:: Given data ::
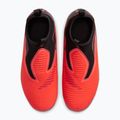 Vaikiški futbolo bateliai Nike Jr. Phantom 6 High Academy Bright Crimson/Bright Crimson/Black 3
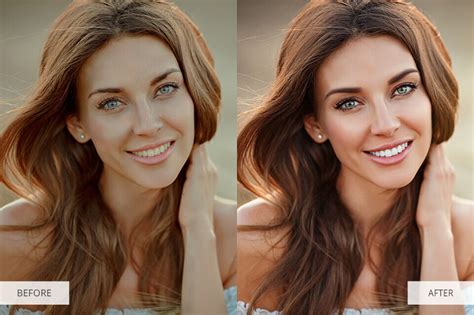 Best Free And Paid Photoshop Actions For Portraits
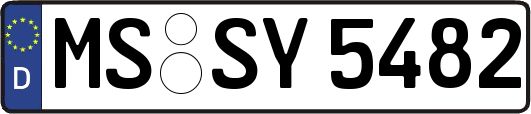 MS-SY5482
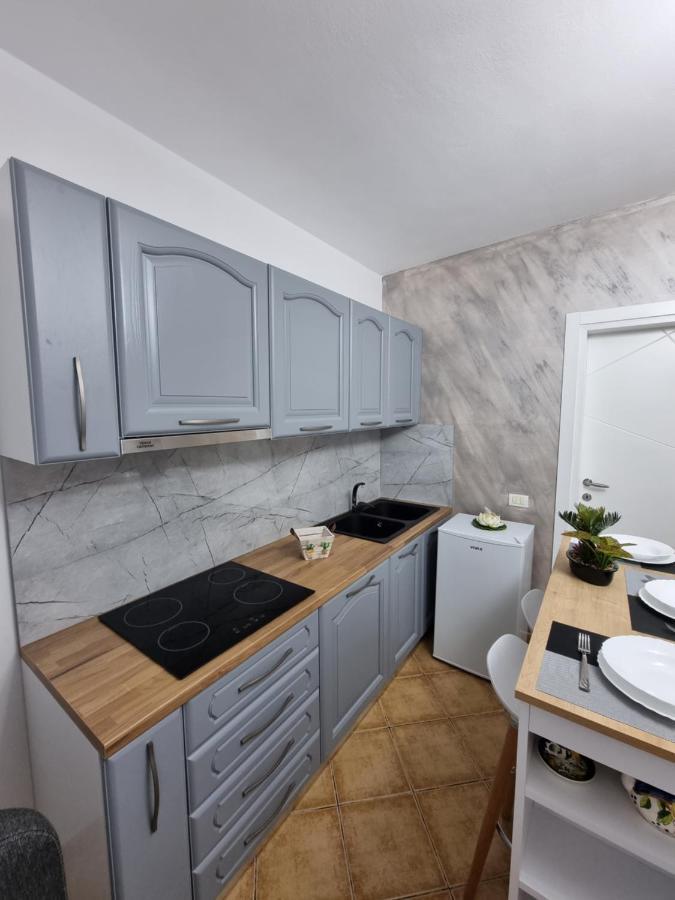 Studio Vlora Extérieur photo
:::
▶ **Problem to work on**
The preceding listing is to be restated word for word, with every picture omitted.

▶ **Task result**
 Vaikiški futbolo bateliai Nike Jr. Phantom 6 High Academy Bright Crimson/Bright Crimson/Black 3
 Best Free And Paid Photoshop Actions For Portraits
 MS-SY5482
 Studio Vlora Extérieur photo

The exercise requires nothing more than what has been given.